Im Dezember herrscht Frieden auf dem Christkindlesmarkt. In den elf Monaten dazwischen aber? Achgoddala, dann möchte man dort lieber nicht zwischen die Fronten geraten.

Glosse von Olaf Przybilla, Nürnberg

Wirtschaftsreferent werden in Nürnberg? Kann man machen, klar. Aber es dürfte schon Gründe geben, warum sich Michael Fraas (CSU) 2023 einigermaßen unerwartet und mit stoischem Lächeln aus dem Amt verabschiedet und sich nach etwas Neuem umgesehen hat. Heute lehrt er an der Hochschule.

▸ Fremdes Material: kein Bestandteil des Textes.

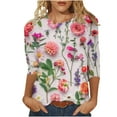thumbnail image 2 of Jsaierl 3/4 Sleeve Tops for Women Plus Size Round Neck Shirts Boho Floral Petite Blouses Flowy Cotton Tunic Top S-2XL, 2 of 5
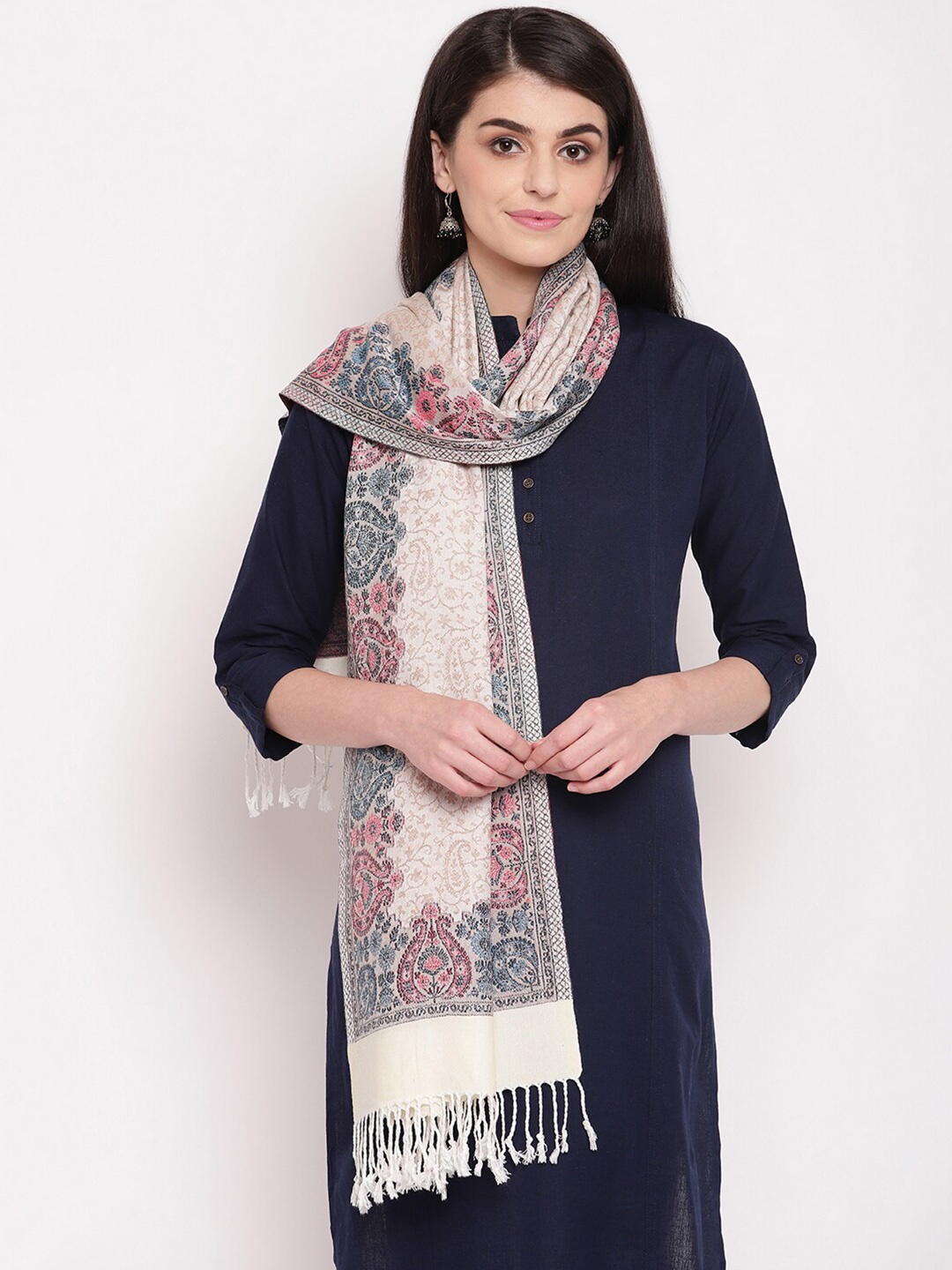 HK colours of fashion Women Off White & Pink Woven Design Stole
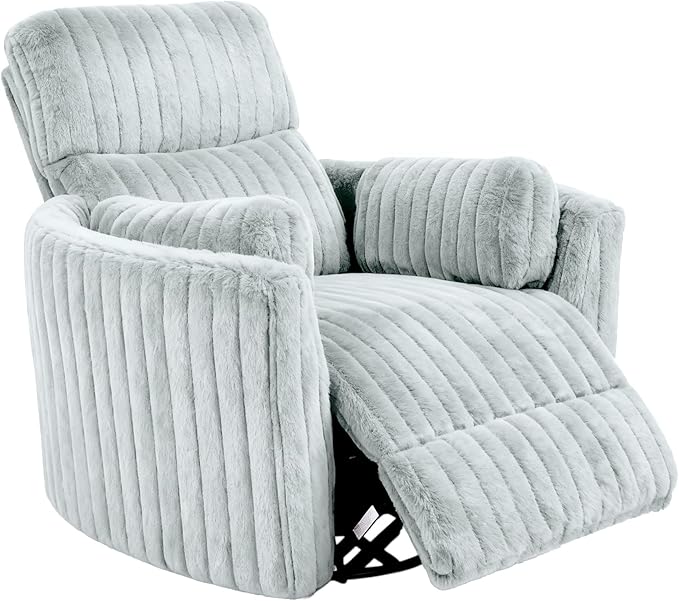 leovanni Power Swivel Rocker Recliner Chair Chenille Upholstered Nursery Glider Rocking Chair with 2 Pillows USB Ports Electric Nursing Reclining Chairs Bedroom Living Room Sky Blue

Was den Job mitunter ungemütlich werden lässt? Da reicht ein Blick aus dem Rathausfenster auf die, wie man so sagt, gute Stube der Stadt. Weltweit ist die unter ihrer Spezialmöblierung im Dezember ein Begriff („Chriskindlesmarkt“), dann sorgt dort eine lebende Rauschgoldfigur für einen friedlichen Ton.

Ansonsten aber? Achgoddala, wie die Eingeborenen sagen.

Wenn es missvergnüglich zugeht, so spricht man gerne von einem „Riss“, der sich irgendwo durchziehe. Um alle Konfliktlinien auf dem Hauptmarkt – so die amtliche Bezeichnung – zu skizzieren, bräuchte es ein anderes Sprachbild. Die Linien gleichen dort eher einem von Trockenheit geschundenem Acker, aufgerissen in sämtliche Richtungen.

Es ist so: Seit Jahrhunderten wird dort frische Ware feilgeboten, deswegen heißt das Ding ja so. Nun müssen die Obst- und Gemüseanbieter aber nicht nur regelmäßig einer blonden Jahresendfigur weichen. In den restlichen elf Monaten fliegen mal Mountainbiker aus dem Rathausfenster („Red Bull District Ride“), mal Volleybälle an dasselbe, es singen Bardinnen und kurven Schlittschuhläufer. Letzteres ästhetisch besonders herausfordernd.

Muss das sein, fragen die Gemüsekäufer. Es bräuchte viel mehr davon, erwidern die Eventfreunde. In der Freiluftofenröhre ist es sommers ohnehin nicht auszuhalten, klagen die Klimabeobachter. Wer dort Bäume pflanzt, vergeht sich an der Historie, antworten die Denkmalschützer. Es gibt dort doch längst portable Baumkästen, finden die Schönredner. Das ist so, als legte man sich im Pizzaofen unter ein Feigenblatt, ätzen die Realisten.

Heiß geht es zu auf dem Hauptmarkt, darüber immerhin könnten sich alle einigen. Was Andrea Heilmaier (CSU), die Fraas-Nachfolgerin aus freien Stücken, gewusst haben wird – und gleichwohl eine luftige Idee in die lokale Nahkampfzone eingeführt hat, ein Gedankenspiel: Ob man die Marktstände nicht an die Lorenzkirche verlegen könnte? Oder auf dem Markt mal einen „Pop-up-Biergarten“ versuchte?

So weit zu sehen ist, hat sie sich damit ungefähr den Unmut fast aller zugezogen – und deren Antipoden ebenfalls. Tja.

Heilmaier war zuvor übrigens Stadträtin in Fürth. Dort haben sie längst einen schattigen, allseits beliebten Markt. Der zuständige Wirtschaftsreferent hört auch bald auf. Ob sie sich in Nürnberg schon mal nach jemandem Neuen umsehen sollten, höchst vorsorglich?